Wednesday, December 13, 2006
Cletis's Rules of Airport (and all other) Bathroom Etiquette for Men (Digestion Post # 3)
Amen.
"DIVIDERLESS" URINAL ARRANGEMENT
1) Please remember that maintaining maximum horizontal urination separation is the primary concern in a dividerless urinal situation (i.e., no little partitions between urinals). Otherwise, issues like splashback, stagefright, and inadvertent penile viewing may arise. Please note that these same rules apply to troughs and other undivided urinary regions.
So:
- First guy in, select a urinal on the end. This way, the next guy can select the urinal on the opposite end and be as far away as possible.
- Third pisser in a dividerless urinal situation must select a urinal in the very middle of the urinal bank. Subsequent pissers in such situations are to apply the same principles to maintain maximum urinary separation.
B) NEVER engage your neighbor in conversation, unless you have at least three urinals between you and your fellow conversant. If you are drunk, the horizontal separation can be reduced to two.
C) Eyes forward or up at the ceiling. Why do some people look down? Resist temptation to thread your stream through one of those little holes in the urinal. Looking down is just weird.

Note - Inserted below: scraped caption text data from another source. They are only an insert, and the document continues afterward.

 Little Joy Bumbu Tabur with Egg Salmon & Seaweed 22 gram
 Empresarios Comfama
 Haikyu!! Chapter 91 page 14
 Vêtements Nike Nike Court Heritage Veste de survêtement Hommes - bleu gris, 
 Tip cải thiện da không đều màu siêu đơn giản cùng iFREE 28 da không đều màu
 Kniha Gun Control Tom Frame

D) Wear flip-flops at your own risk; studies done by the PUI (Public Urinal Institute) show that 8% of urine becomes airborne upon contact with the urinal. See the wee-wee pond beneath each urinal for evidence of this fact.
NORMAL URINAL SITUATION (W/ DIVIDERS):
A) If you see a friend in the bathroom, maintaining maximum horizontal urination separation is less important. In any case, maximum separation is always a nice thing.

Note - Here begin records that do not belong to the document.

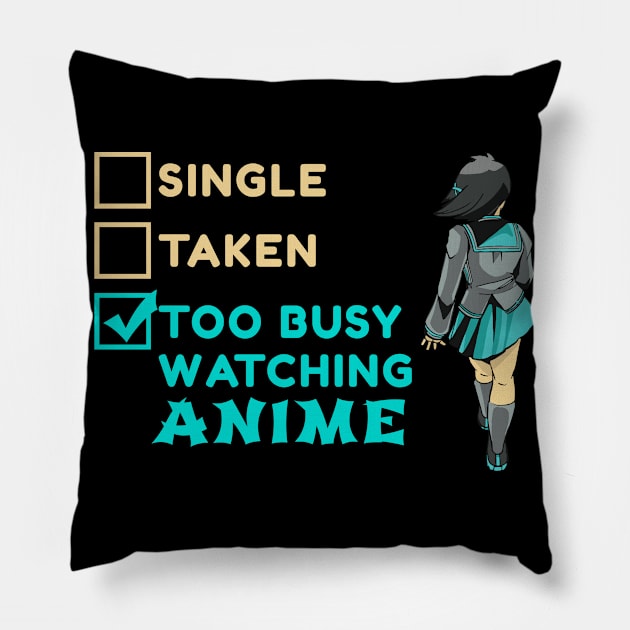 Weeaboo Trash Otaku Anime Meme Weeb Gifts Pillow by Alex21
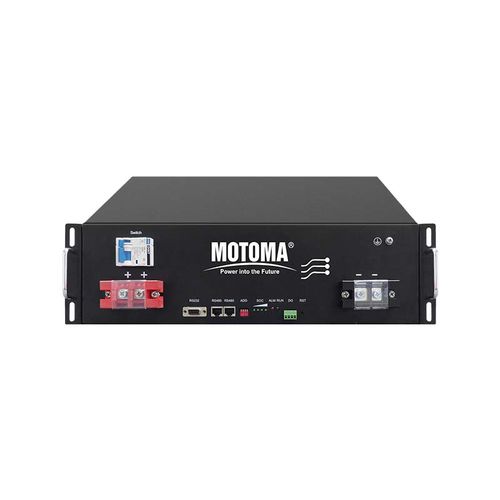Batterie LiFePO4 - M77U - Shenzhen Motoma Power Co. Ltd - de bloc / 48 V / pour onduleur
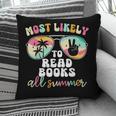 Most Likely To Read Books All Summer Teacher Student Pillowcase Most Likely To Read Books All Summer Teacher Student Pillowcase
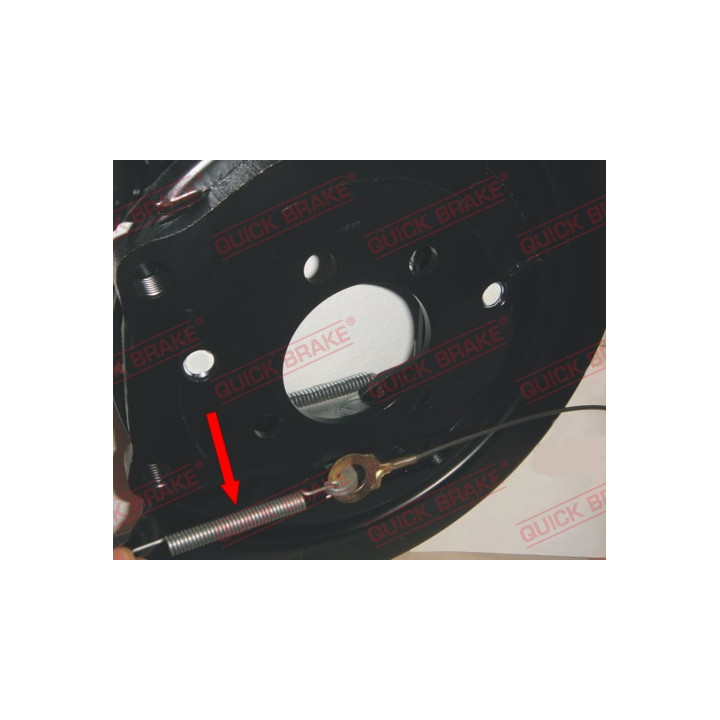 Zestaw montażowy szczęk hamulcowych QUICK BRAKE 105-0480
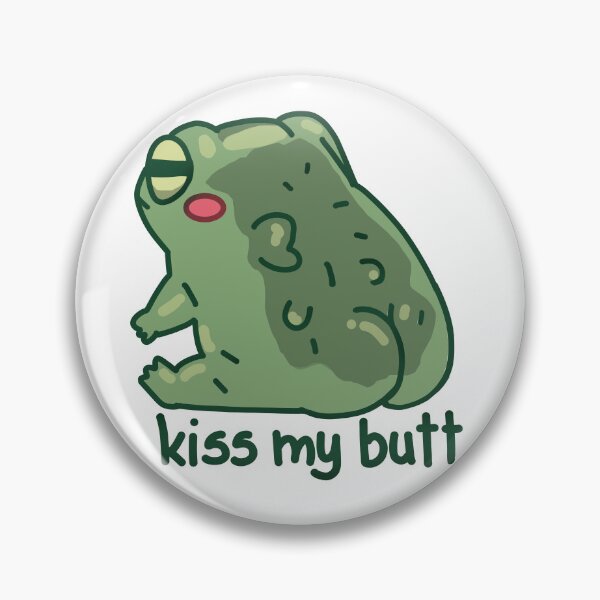 Item preview, Frog butt designed and sold by GiezaDesign.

B) Conversation with people you know is ok in this situation.
C) Ideally, one should look up or look straight ahead. But if you're one of those people who must monitor situations down below in the urinal, it's acceptable in this situation if you absolutely must do it.
DEFECATION:
A) Almost anything goes when one is forced to evacuate his bowels in a public toilet.
B) After you leave the stall, you must ensure that you leave no evidence that you'd been in the stall engaging in a heated game of Texas Don't Hold 'Em. In other words, don't poo on the seat or floor, flush, and keep flushing until all choo-choo tracks have been erased.
C) In small bathrooms (3 or less urinals or 2 or less stalls), a pooer in a non-emergency situation is required to wait until all is clear in the bathroom prior to emitting any substantial sounds. This rules is waived for Excretory Emergencies, obviously.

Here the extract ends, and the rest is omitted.